__Task item__:
Exactly as they appear below, repeat the lines from the one with "Pt Physical Therapist" through the one with "Окуляри захисні Venture". Drop every picture.

__Supplied entries__:
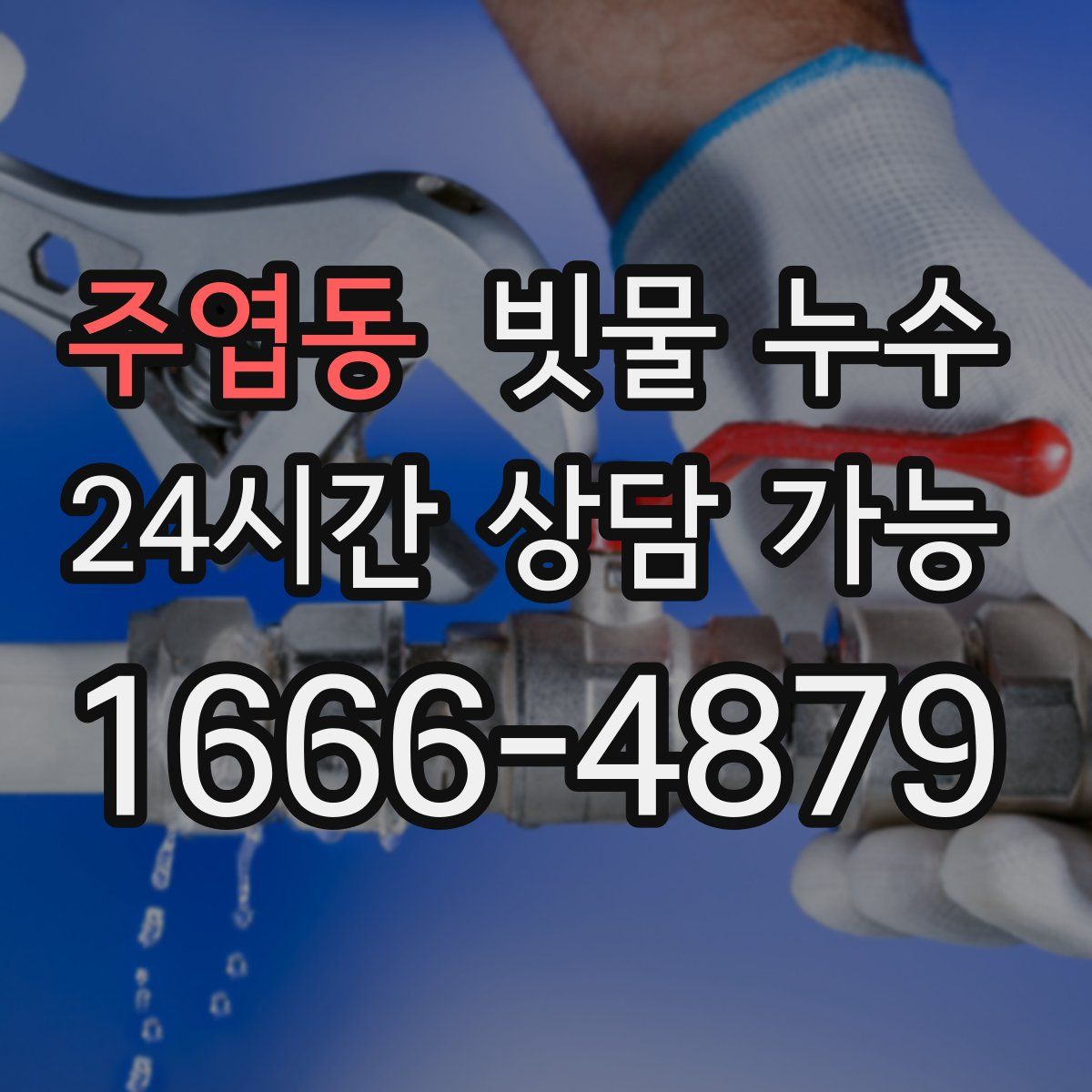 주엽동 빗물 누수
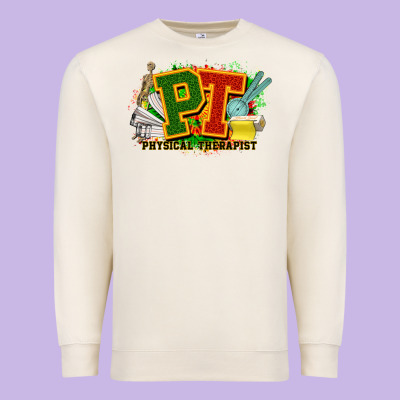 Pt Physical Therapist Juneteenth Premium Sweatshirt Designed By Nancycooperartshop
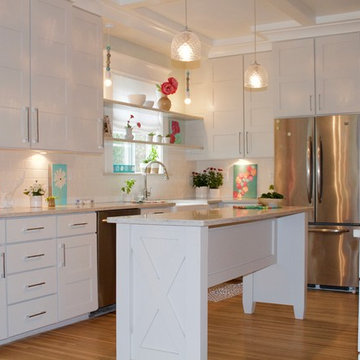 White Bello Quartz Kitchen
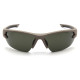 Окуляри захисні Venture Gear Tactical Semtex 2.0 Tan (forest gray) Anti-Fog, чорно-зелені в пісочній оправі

---

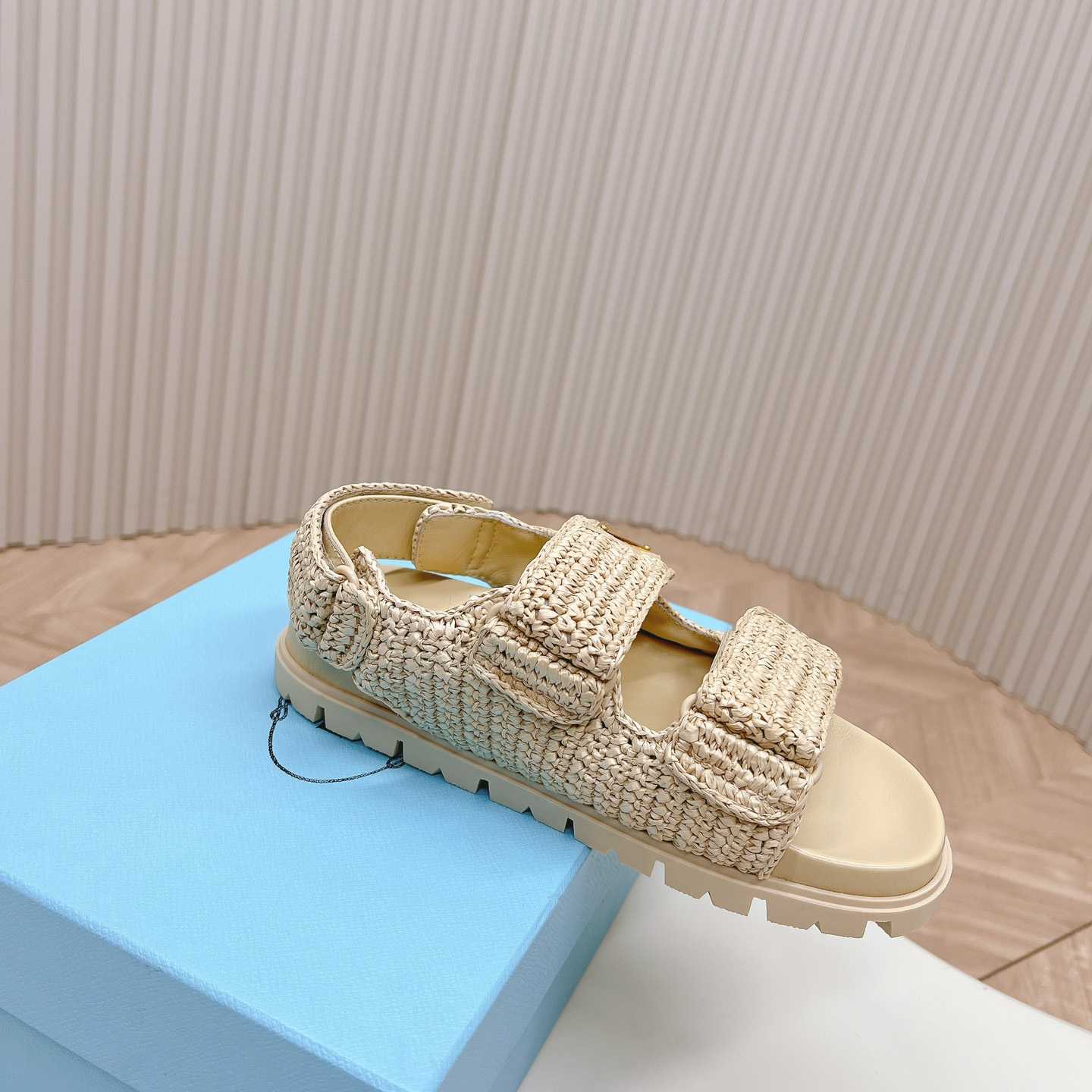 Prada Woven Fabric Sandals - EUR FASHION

* * *

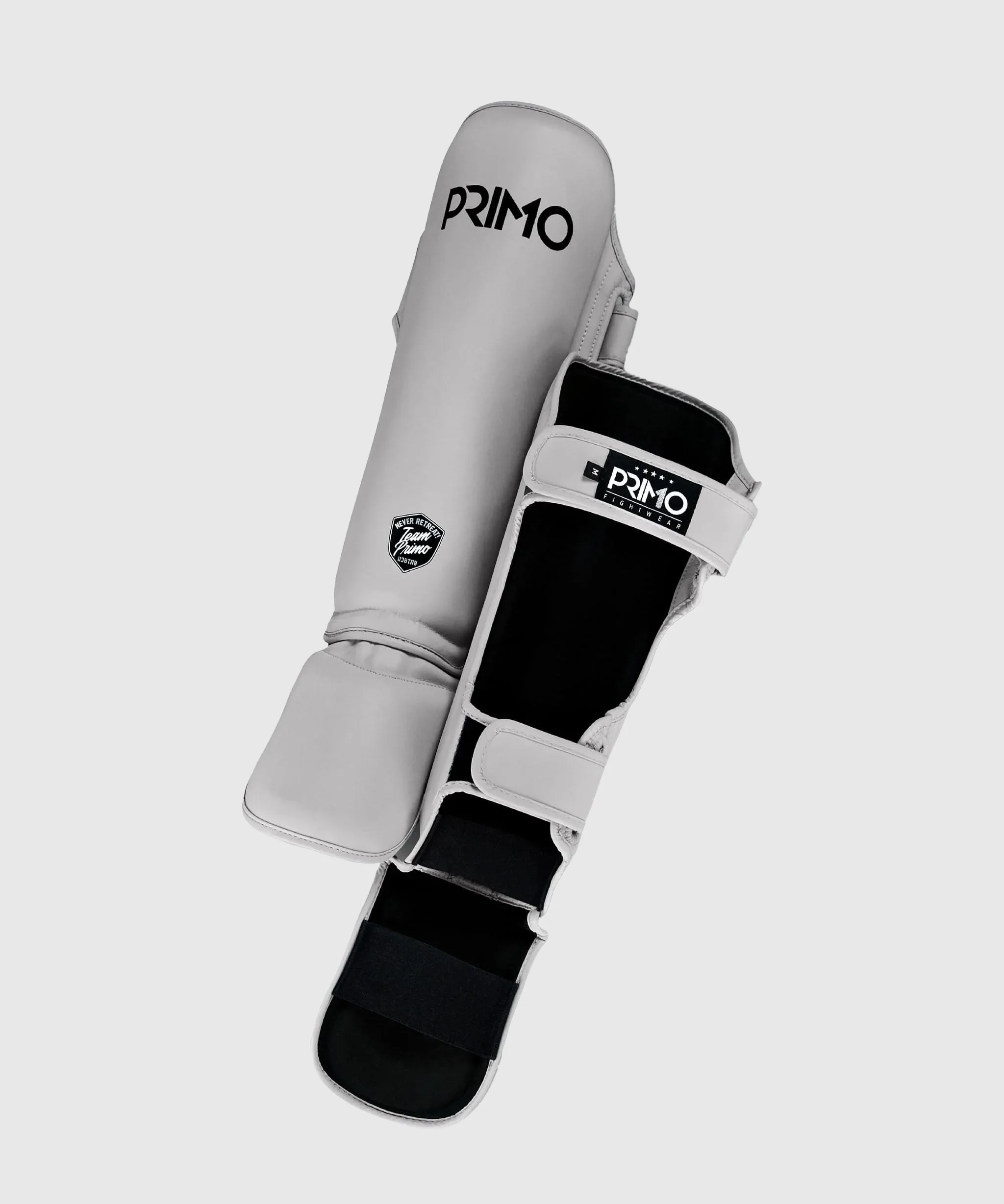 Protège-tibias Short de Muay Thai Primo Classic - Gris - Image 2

__Solution to the exercise__:
 Pt Physical Therapist Juneteenth Premium Sweatshirt Designed By Nancycooperartshop
 White Bello Quartz Kitchen
 Окуляри захисні Venture Gear Tactical Semtex 2.0 Tan (forest gray) Anti-Fog, чорно-зелені в пісочній оправі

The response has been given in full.